▶ [The task]: Take the line containing "watermelon slush in" and every line after it in the data below, and print them exactly as given, with nothing else.

▶ [Material for this task]:
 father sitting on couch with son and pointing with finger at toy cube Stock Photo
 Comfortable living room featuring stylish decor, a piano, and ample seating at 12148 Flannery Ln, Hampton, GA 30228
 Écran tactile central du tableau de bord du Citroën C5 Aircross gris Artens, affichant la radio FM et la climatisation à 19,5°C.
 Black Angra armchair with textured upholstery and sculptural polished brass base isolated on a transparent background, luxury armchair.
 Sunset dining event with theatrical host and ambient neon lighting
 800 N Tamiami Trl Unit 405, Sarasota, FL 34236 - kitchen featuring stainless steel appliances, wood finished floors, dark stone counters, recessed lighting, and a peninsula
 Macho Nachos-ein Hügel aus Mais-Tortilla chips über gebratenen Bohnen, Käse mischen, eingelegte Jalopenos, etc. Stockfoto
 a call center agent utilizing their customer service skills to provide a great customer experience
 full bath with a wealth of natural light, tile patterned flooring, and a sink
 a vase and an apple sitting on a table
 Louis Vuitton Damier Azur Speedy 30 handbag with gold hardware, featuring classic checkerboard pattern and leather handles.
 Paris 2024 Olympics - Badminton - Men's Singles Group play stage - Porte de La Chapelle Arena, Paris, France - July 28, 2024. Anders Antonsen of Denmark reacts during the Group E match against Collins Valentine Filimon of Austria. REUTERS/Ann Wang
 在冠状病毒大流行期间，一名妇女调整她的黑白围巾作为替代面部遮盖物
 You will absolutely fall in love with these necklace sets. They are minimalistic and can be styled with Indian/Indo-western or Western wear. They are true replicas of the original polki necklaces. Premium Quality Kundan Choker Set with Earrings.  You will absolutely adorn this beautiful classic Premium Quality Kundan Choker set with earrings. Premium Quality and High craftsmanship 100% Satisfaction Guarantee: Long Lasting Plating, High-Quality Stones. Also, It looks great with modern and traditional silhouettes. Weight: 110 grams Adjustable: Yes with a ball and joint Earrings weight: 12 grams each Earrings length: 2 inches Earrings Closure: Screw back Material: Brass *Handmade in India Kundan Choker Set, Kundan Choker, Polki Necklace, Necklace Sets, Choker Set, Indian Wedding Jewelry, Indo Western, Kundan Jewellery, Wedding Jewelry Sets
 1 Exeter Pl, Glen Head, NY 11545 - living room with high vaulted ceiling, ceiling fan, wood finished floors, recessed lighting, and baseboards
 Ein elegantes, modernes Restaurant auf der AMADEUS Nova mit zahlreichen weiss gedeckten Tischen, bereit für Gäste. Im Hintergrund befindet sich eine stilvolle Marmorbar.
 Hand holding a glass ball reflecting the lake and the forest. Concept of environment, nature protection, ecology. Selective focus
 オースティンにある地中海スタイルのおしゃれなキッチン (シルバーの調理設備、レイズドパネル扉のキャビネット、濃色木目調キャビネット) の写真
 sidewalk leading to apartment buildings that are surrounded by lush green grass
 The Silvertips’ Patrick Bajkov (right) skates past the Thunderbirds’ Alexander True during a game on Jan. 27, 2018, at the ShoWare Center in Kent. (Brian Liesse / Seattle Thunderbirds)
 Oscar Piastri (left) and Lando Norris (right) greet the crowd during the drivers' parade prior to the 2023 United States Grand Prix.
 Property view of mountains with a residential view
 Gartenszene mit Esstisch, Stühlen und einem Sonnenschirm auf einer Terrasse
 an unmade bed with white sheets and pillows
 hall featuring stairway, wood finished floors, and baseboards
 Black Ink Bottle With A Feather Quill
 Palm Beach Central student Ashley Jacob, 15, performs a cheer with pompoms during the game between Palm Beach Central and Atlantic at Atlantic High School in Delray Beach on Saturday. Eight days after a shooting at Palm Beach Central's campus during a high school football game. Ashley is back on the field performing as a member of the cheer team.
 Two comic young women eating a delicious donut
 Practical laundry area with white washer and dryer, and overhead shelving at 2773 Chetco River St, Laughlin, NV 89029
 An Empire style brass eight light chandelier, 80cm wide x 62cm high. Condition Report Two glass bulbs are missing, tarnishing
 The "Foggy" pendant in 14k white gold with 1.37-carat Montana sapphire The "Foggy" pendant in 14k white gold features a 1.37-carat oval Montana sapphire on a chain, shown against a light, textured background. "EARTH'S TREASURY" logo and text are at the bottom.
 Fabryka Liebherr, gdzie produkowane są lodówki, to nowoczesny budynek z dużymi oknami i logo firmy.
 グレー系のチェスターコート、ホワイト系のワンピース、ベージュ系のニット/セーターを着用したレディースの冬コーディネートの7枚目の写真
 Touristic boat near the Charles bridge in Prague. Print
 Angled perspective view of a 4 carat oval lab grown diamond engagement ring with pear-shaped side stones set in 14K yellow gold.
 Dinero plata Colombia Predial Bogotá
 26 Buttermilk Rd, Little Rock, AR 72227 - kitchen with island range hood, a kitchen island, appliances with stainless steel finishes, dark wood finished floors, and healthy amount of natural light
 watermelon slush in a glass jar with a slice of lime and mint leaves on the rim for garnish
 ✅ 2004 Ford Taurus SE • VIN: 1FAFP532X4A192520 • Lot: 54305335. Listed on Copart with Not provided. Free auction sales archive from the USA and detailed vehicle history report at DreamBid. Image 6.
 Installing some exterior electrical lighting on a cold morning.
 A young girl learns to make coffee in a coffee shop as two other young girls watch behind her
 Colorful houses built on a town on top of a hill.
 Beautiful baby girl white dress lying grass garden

▶ [Exercise response]:
 watermelon slush in a glass jar with a slice of lime and mint leaves on the rim for garnish
 ✅ 2004 Ford Taurus SE • VIN: 1FAFP532X4A192520 • Lot: 54305335. Listed on Copart with Not provided. Free auction sales archive from the USA and detailed vehicle history report at DreamBid. Image 6.
 Installing some exterior electrical lighting on a cold morning.
 A young girl learns to make coffee in a coffee shop as two other young girls watch behind her
 Colorful houses built on a town on top of a hill.
 Beautiful baby girl white dress lying grass garden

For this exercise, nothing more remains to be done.